For as far back as I can remember, I’ve always loved Halloween. Something about wearing costumes and parading through the streets so I could eat candy way past my bedtime really spoke to me as a child. Even now, there is something so magical about grown-ass adults being able to dress up like giant bumblebees or scantily clad nurses, all the while drinking gratuitous amounts of booze and exhibiting little to no judgment. In the true spirit of the holiday, I found myself wanting to share some of that magic with you all in the form of a drink called Ghost in the Graveyard.
- Dry Ice
- 2 (ish) scoops of vanilla ice cream
- 2 ounces vodka
- 2 ounces coffee liqueur
- 2 ounces cold brew coffee
- Cocktail shaker
Not unlike a kitten chasing a laser pointer, I am very easily entertained by shiny, flashy, smoky, pew-pew, pow, BOOM — sorry, I got distracted. Dry ice looks really cool when you dump liquids on it, so I wanted to use it in my recipe. To start, you’re gonna put some dry ice in the bottom of a rocks glass. Be sure to follow all safety precautions when handling dry ice, so as to not burn your flesh. If you are anything like me, simple tasks can turn into an emergency.

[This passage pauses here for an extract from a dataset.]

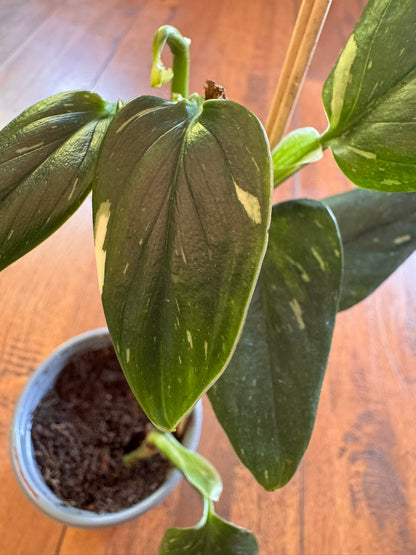 4" Monstera Standleyana Albo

Next, we’re going to add a scoop or two of vanilla ice cream. I’d be willing to bet most health professionals would back me up in saying that more ice cream is always better. ALWAYS. BETTER.
Now you’re going to put some ice in your cocktail shaker and add your cold brew coffee. The type of coffee you use is your preference. I used Black Rifle Coffee’s Murdered Out in this recipe because it has a super sweet, spooky name, and I’m trying to be as festive as I can.
Next, add the coffee liqueur and vodka to the shaker — because you can’t leave out the good stuff. How else will you ever find the liquid courage to ask out your crush, Brett, at the office Halloween party even though he totally dressed like a My Little Pony Brony and you’re trying to decide if he’s like HA-HA ironic funny or just really weird? But I digress. Put a lid on that shaker and SHAKE THAT SHIT!!!
Now pour your concoction over the ice cream and dry ice, and watch those ghosties rise from the dead! Serve with spoons — and please, PLEASE don’t message me later saying your esophagus hurts because you ate the chunks of dry ice. DO NOT EAT THE DRY ICE. I can’t stop you if you are a glutton for punishment, but I am not responsible for your injuries. HAPPY HALLOWEEN!